Lacuna e preocupação
No campo de tiro de Krav, no sul de Jerusalém, Hosha’aya Volman pratica com sua arma.
“Carrego uma arma pela simples razão de que não estarei indefeso. Poderei me proteger e proteger aqueles ao meu redor”, diz Volman.
Volman, 27, é um judeu praticante e mora no assentamento de Kohav HaShahar, no norte da Cisjordânia.
Ele precisa manter um certo nível de habilidade — e passar em testes de saúde física e mental — para manter sua licença de porte de arma, parte dos rígidos regulamentos de posse de armas de Israel.
Volman prestou serviço militar e pegou uma arma depois de deixar o Exército.
Os judeus ultraortodoxos normalmente não vão para o Exército nem possuem armas, valorizando mais sua observância religiosa.

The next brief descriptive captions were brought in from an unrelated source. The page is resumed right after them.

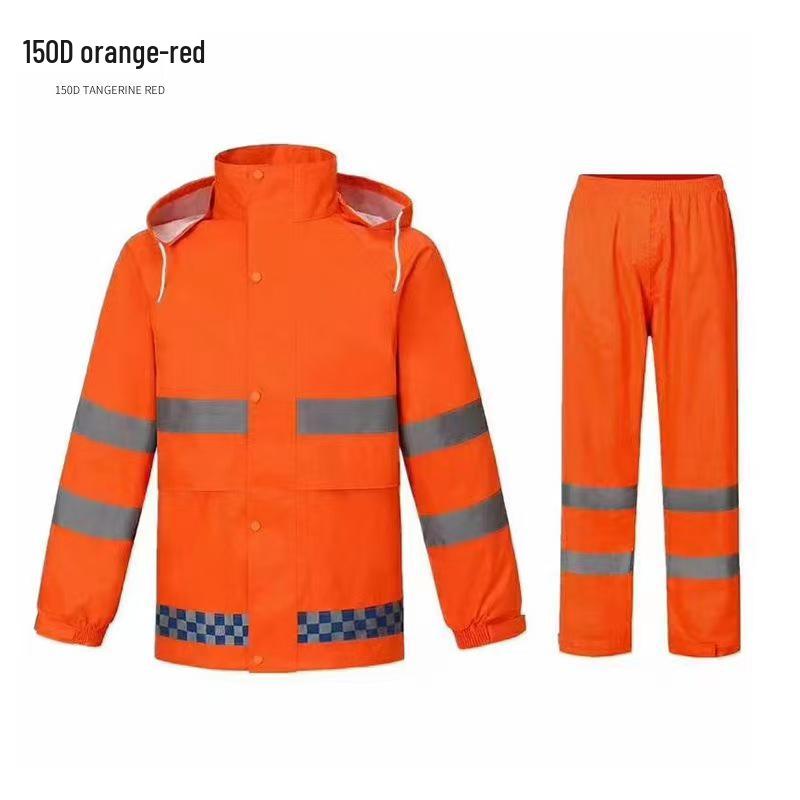 Reflective Raincoat & Pants Set - Thickened PU Oxford Cloth for Traffic & Sanitation, Stormproof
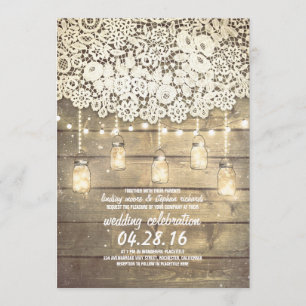 Invitación Rústico País Mason Jars Luces Lace Wood Boda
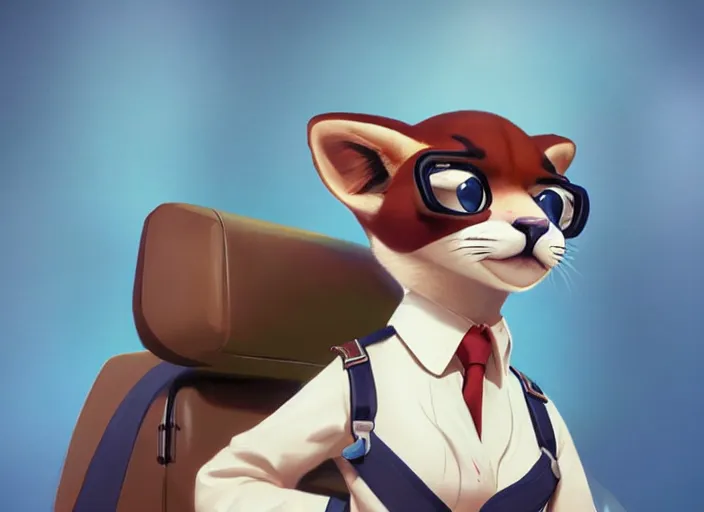 Image similar to character portrait feature of the anthro female anthropomorphic puma fursona wearing airline pilot outfit uniform professional pilot for delta airlines character design stylized by charlie bowater, ross tran, artgerm, and makoto shinkai, detailed, soft lighting, rendered in octane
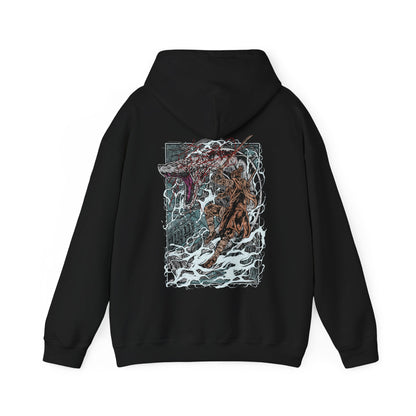 Image 4 of a Sekiro T-shirt featuring the Great Serpent, an enormous divine creature said to embody the mountains themselves. With its white, weathered scales and piercing gaze, it stalks the player through narrow paths and high peaks. This design honors the thrilling cat-and-mouse chase with one of the game’s most breathtaking beasts.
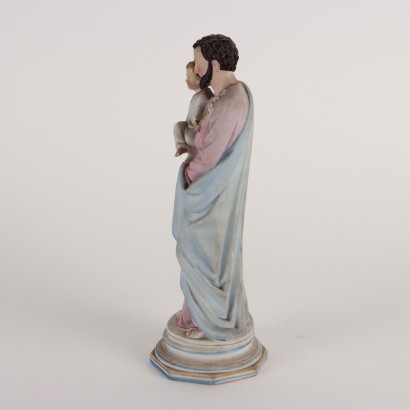 Ancient Sculpture St. Joseph in Case Italy \'900 Colored Porcelain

E há grupos em Israel dizendo que as comunidades ultraortodoxas precisam estar mais bem armadas para sua própria proteção.
Mas as pessoas tomando a segurança em suas próprias mãos também estão sendo vistas cada vez mais na Cisjordânia ocupada.
Ali, grupos de autodefesa desarmados e comitês civis estão organizando a defesa de vilarejos e cidades, onde as forças da Autoridade Palestina estão ausentes — muitas vezes devido à falta de coordenação do Exército israelense necessário para operar.
Esses civis temem ataques de colonos judeus, após exemplos sucessivos nos últimos meses.
Novas e jovens milícias surgiram, tornando-se a última onda do que os palestinos consideram resistência à ocupação israelense.
Rela Mazali, co-fundadora da coalizão de ativistas antiarmas israelenses Gun Free Kitchen Tables, diz que não há evidências de que mais armas nas mãos de civis impeçam os ataques ou reduzam o número de vítimas.
“Temos analisado nos últimos anos, por períodos limitados, esse argumento [de que mais armas nas mãos de civis impeçam os ataques ou reduzam o número de vítimas], mas não tem sido o caso de civis com armas licenciadas interromperem na maior parte qualquer tipo de ataque. Esse argumento é com tanta frequência reivindicado que acaba se tornando verdade. Mas não há qualquer estatística que embase isso”, diz.
Rela diz, por outro lado, mais armas levaram a mais assassinatos.
Ele acrescenta que já há violência armada crescente em Israel, envolvendo um número crescente de licenças, e cujas vítimas são principalmente cidadãos palestinos e uma alta proporção de mulheres — tanto judias quanto palestinas.
“Em vez de privatizar a segurança pessoal e humana, o que é necessário são forças de segurança bem treinadas, rápidas, cuidadosas e atenciosas, que não exacerbem a situação — o que é frequentemente o caso aqui em Israel — mas saibam como conter e aplacar as situações.”
Como Israel vem sido varrido por protestos frequentes contra o governo de extrema-direita, principalmente devido às suas propostas de mudanças no Judiciário, e em meio à violência israelense-palestina, parece haver pouco espaço para conciliação ou qualquer tipo de apaziguamento.